Psiup, il “partito provvisorio” che fu la culla dei movimenti
PSIUP. Parabola di un partito, Il percorso del PSIUP (1964- 1972) è ormai dimenticato.
La stessa tematica politica della sinistra socialista sembra ignorata, in un quadro bipolare in cui analisi, matrici, istanze sembrano del tutto uniformate.
Per anni, gli stessi dirigenti di questo partito, dopo la sua improvvisa scomparsa, ne hanno quasi rimosso gli aspetti più originali,
appiattendosi o in una “continuità togliattiana” (la maggioranza che confluisce nel PCI) o nel recupero, senza rotture, della tradizione del riformismo socialista (la minoranza che tornò nel PSI).
In alcune biografie o analisi, gli otto anni nel PSIUP sono tralasciati e quasi dimenticati;
nelle storie dell’Italia del dopoguerra i richiami a questi sono limitati a poche note.
Eppure questo partito e più ancora quest’area hanno significato, per una generazione di militanti, un riferimento importante, un laboratorio politico di una intera stagione.
Un tentativo schematico di periodizzazione distingue quattro fasi:
– quella della sinistra socialista nel PSI (1955- 1964)
– il passaggio da corrente a partito e la fondazione e strutturazione del PSIUP (1964-1966)
– l’apice sia elettorale che nella presenza sociale (1966- 1968)
– la crisi progressiva sino allo scioglimento (1968- 1972).
La sinistra socialista inizia a caratterizzarsi dopo il congresso di Torino (1955), in cui il PSI propone aperture verso il mondo cattolico e la DC.
Se, inizialmente, vi è la contrarietà dei soli Basso e Lussu, l’opposizione si struttura negli anni successivi, proporzionalmente all’avvicinarsi della maggioranza autonomista alla formula del centro- sinistra e al progressivo allontanamento dal PCI.
Il congresso di Venezia (1957) segna una maggioranza politica “nenniana” che non si trasforma in maggioranza negli organismi dirigenti.

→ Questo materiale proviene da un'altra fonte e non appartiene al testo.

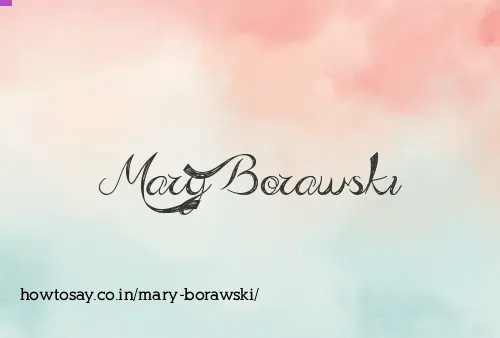 Mary Borawski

Se parte della sinistra sembra appiattita sul PCI, in una sorta di logica “frontista”, all’”Avanti!” collabora Gianni Bosio, la rivista “Mondo operaio”, di fatto diretta da Raniero Panzieri,
rilegge Marx, propone la centralità della fabbrica e l’uscita in positivo dalle macerie dello stalinismo, sino alle Sette tesi sulla questione del controllo operaio, scritte a quattro mani da Panzieri e Libertini.